§ PROBLEM:
In the records below, find the line that contains "2015-caterpillar-573c-image-9" and the line that contains "halo-naisten-villakangastakki-huurre-long-coat-kitti-1". Set down exactly those lines and every line between them, and nothing more.

§ DATA SHOWN:

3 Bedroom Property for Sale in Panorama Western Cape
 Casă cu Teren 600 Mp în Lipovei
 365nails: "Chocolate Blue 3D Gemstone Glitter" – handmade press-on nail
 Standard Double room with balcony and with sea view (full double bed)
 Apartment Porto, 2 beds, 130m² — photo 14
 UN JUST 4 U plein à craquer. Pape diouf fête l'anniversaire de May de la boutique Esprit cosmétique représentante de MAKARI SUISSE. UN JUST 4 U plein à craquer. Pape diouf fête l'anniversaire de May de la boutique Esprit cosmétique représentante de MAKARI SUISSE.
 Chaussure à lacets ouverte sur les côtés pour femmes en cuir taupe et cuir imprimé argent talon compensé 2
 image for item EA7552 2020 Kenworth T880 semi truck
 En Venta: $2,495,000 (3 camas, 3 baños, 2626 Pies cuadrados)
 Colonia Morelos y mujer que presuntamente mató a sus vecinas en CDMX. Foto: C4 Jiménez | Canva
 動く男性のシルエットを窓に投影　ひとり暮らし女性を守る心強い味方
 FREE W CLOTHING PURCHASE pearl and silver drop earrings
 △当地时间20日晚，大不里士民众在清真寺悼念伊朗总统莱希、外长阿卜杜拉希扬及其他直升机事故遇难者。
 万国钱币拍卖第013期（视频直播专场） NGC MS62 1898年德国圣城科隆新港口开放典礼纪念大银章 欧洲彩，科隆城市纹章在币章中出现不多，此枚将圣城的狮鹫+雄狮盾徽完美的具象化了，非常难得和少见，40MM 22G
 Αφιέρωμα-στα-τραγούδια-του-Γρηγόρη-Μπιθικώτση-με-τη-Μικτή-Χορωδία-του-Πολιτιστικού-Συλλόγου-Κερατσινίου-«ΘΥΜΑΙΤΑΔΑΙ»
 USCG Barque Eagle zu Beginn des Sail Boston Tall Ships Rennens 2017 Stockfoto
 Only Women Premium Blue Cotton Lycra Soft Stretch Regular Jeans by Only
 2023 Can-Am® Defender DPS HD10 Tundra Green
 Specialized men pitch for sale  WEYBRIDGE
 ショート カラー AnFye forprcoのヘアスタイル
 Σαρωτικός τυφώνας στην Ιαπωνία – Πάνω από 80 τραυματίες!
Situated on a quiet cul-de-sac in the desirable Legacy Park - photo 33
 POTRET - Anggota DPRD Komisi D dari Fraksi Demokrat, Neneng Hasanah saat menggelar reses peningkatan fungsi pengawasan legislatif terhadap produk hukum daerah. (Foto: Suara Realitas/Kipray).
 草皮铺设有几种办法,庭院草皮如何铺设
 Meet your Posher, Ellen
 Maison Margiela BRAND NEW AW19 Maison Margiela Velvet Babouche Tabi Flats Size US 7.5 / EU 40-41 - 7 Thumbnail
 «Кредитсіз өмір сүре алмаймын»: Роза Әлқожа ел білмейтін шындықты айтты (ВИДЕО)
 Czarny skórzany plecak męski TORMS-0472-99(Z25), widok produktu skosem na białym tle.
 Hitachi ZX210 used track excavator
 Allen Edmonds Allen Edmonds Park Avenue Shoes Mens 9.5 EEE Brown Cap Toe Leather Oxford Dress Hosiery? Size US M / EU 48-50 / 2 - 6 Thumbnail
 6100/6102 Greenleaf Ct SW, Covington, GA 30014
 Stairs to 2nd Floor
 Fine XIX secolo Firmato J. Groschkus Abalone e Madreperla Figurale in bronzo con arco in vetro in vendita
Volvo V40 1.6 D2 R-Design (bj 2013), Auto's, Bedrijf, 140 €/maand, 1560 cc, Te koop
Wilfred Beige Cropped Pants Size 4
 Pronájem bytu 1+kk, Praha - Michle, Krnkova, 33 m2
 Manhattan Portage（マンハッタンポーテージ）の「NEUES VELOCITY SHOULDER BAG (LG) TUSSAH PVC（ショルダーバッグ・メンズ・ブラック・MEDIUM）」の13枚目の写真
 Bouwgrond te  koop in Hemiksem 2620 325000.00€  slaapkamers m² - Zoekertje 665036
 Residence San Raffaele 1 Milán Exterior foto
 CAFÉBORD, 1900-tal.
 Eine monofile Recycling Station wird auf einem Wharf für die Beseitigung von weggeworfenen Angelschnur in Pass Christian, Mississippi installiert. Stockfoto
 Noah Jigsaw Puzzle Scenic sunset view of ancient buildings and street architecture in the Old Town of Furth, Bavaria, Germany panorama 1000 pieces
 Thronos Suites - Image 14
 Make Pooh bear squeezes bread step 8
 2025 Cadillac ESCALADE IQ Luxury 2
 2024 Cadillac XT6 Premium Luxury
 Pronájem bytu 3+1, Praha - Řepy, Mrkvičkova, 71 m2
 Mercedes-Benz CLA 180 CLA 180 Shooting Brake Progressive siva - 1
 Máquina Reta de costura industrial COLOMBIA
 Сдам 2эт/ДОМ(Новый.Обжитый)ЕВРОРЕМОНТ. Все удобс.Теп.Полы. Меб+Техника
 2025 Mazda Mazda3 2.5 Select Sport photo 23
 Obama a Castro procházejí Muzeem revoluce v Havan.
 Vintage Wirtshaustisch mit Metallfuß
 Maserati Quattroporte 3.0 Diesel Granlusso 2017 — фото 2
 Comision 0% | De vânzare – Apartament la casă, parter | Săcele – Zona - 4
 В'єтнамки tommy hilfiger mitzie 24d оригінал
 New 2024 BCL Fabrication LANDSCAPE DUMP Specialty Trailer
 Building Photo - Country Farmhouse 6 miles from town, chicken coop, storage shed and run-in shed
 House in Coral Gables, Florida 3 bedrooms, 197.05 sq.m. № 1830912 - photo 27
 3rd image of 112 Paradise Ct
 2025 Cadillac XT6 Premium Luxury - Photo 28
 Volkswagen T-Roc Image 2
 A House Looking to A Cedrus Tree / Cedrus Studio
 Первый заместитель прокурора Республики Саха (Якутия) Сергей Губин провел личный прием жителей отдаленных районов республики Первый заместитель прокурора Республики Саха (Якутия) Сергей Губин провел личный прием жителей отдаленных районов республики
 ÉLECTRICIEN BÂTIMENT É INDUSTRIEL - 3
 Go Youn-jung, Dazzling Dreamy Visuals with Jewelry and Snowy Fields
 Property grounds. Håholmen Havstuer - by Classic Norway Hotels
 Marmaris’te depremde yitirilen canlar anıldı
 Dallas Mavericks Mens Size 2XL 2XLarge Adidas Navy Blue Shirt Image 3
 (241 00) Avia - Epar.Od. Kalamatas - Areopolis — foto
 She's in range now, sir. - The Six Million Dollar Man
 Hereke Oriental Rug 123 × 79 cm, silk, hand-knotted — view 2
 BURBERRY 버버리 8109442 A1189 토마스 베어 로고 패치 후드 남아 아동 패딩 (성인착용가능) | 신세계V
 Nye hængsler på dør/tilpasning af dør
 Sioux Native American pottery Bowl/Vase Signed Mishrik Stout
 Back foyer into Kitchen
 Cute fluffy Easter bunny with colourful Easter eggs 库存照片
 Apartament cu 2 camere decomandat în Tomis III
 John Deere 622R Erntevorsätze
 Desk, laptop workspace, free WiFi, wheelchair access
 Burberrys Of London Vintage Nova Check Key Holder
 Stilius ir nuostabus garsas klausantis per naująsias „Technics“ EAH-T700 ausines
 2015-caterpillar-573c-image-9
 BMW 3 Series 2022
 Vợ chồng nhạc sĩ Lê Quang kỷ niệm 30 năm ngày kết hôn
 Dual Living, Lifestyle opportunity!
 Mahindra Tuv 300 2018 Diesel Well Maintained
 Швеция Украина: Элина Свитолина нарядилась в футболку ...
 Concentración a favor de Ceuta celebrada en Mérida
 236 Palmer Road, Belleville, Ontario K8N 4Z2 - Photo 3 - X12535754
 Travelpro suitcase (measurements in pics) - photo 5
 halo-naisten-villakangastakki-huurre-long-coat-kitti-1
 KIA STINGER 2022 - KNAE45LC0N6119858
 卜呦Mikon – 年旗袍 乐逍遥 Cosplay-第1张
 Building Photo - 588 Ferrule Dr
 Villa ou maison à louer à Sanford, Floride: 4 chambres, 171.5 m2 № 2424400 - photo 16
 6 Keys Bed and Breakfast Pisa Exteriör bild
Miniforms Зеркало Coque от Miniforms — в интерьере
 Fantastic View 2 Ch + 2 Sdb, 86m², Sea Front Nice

§ RESULT OF THIS TASK:
 2015-caterpillar-573c-image-9
 BMW 3 Series 2022
 Vợ chồng nhạc sĩ Lê Quang kỷ niệm 30 năm ngày kết hôn
 Dual Living, Lifestyle opportunity!
 Mahindra Tuv 300 2018 Diesel Well Maintained
 Швеция Украина: Элина Свитолина нарядилась в футболку ...
 Concentración a favor de Ceuta celebrada en Mérida
 236 Palmer Road, Belleville, Ontario K8N 4Z2 - Photo 3 - X12535754
 Travelpro suitcase (measurements in pics) - photo 5
 halo-naisten-villakangastakki-huurre-long-coat-kitti-1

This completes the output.